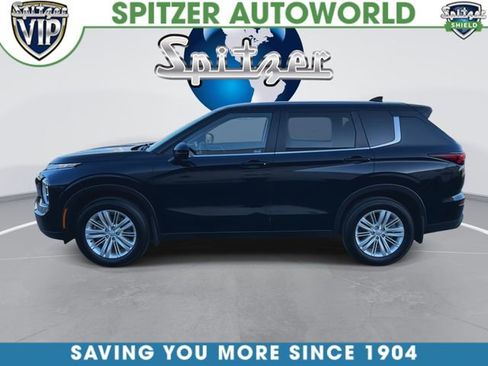 Used 2024 Mitsubishi Outlander ES AWD/4WD image 6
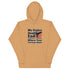 My Rights Don't End Where Your Feelings Begin Unisex Hoodie - Mainstream Freedom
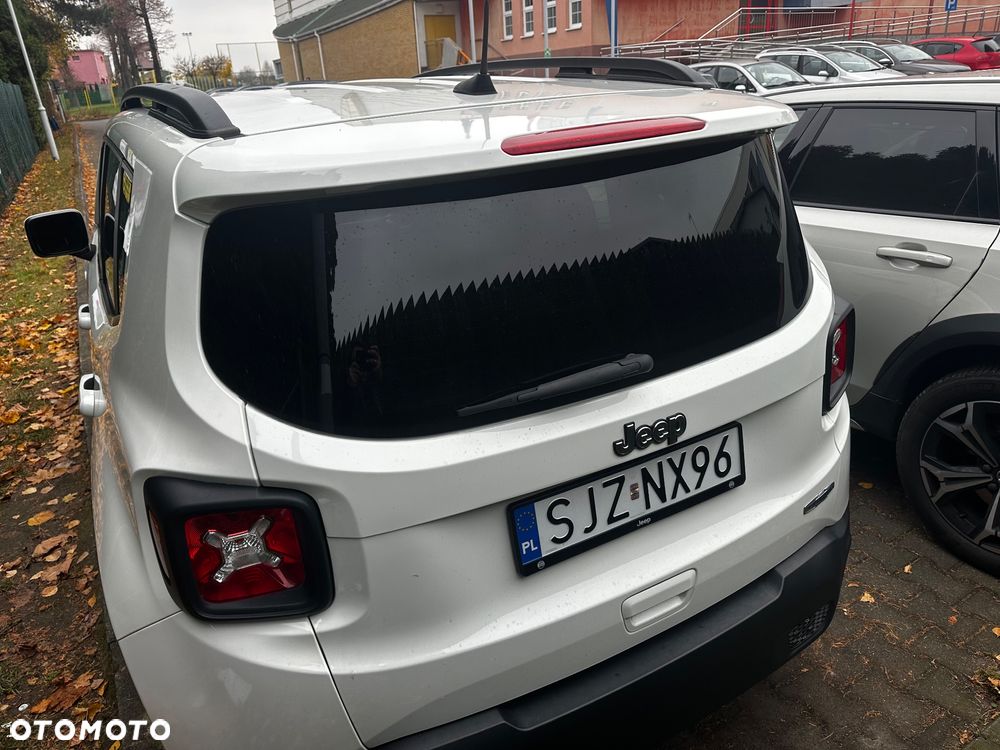 Jeep Renegade - 4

···

• Aim of the task: Reproduce each line above exactly, but not a single picture.

• Solution below:
 Used 2024 Mitsubishi Outlander ES AWD/4WD image 6
 My Rights Don't End Where Your Feelings Begin Unisex Hoodie - Mainstream Freedom
 Jeep Renegade - 4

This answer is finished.